RECORD EXCERPTS:
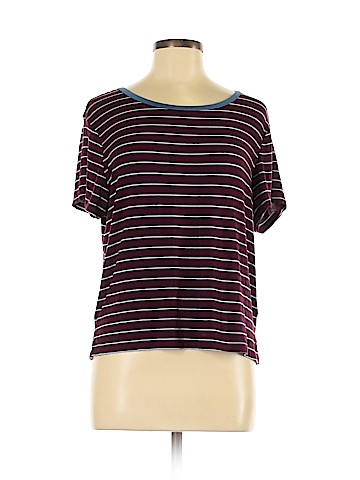 American Eagle Outfitters Short Sleeve T-Shirt (view 1)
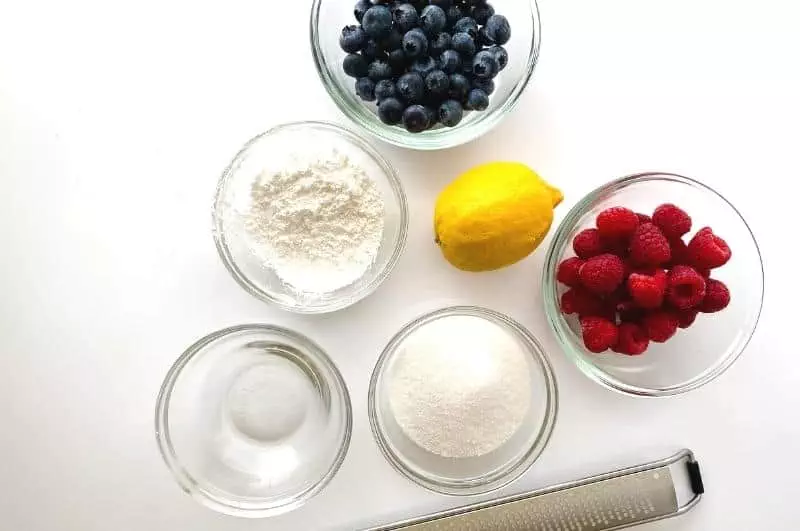 Chantilly cake berry sauce ingredients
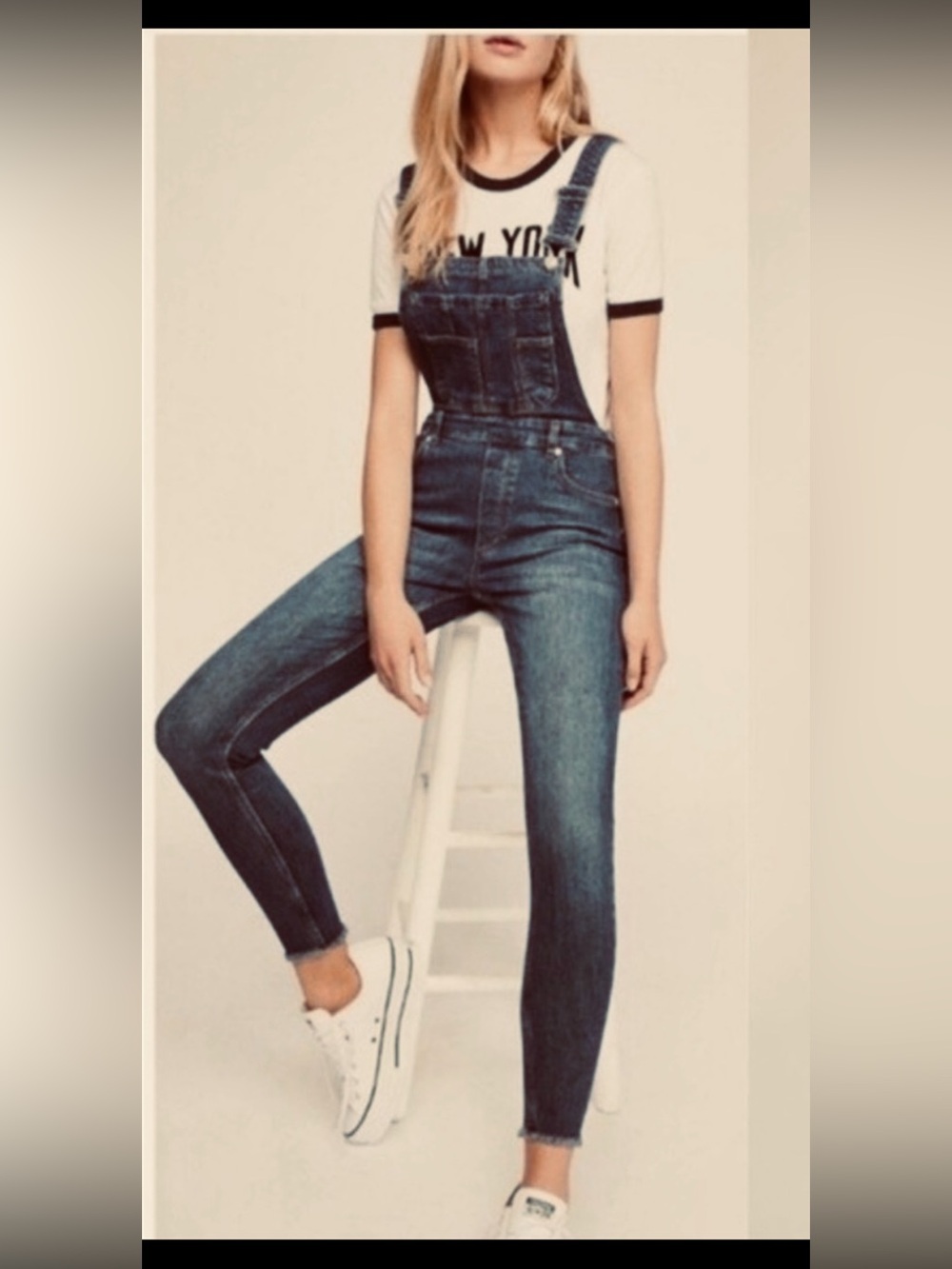Free People medium-wash overalls sz 24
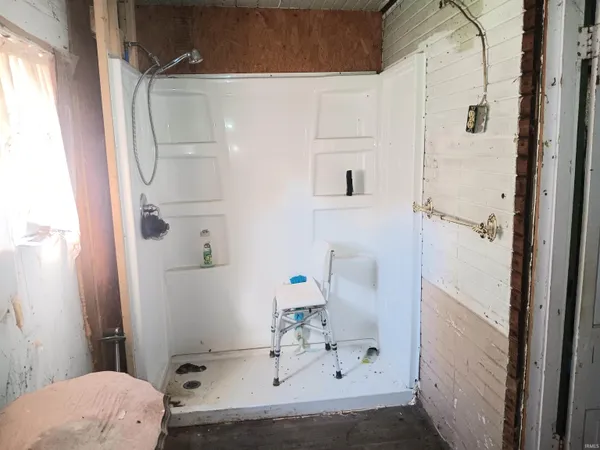 $29,900 | 305 Giltner Street, Oaktown, IN 47561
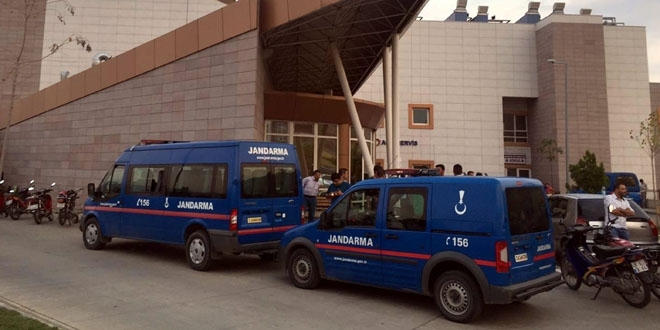 Manisa'da 45 kamu personeli grevine iade edildi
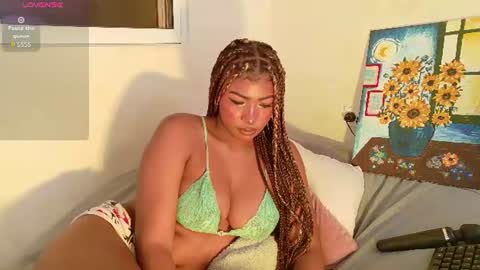 Snapshot of sophiabloss chatting on 06/29/26, 10:10 Sophie online show from 06/29/26, 10:10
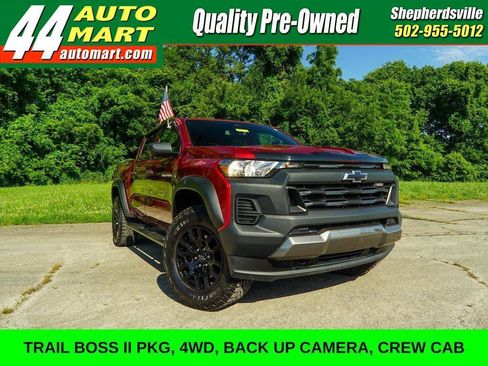 Used 2025 Chevrolet Colorado Trail Boss AWD/4WD image 1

WHAT THE EXERCISE ASKS: Leave out every picture and copy, exactly as written, the lines from the one with "Free People medium-wash overalls sz 24" through the end of the records above.

OUTPUT FOR THIS TASK:
Free People medium-wash overalls sz 24
 $29,900 | 305 Giltner Street, Oaktown, IN 47561
 Manisa'da 45 kamu personeli grevine iade edildi
 Snapshot of sophiabloss chatting on 06/29/26, 10:10 Sophie online show from 06/29/26, 10:10
 Used 2025 Chevrolet Colorado Trail Boss AWD/4WD image 1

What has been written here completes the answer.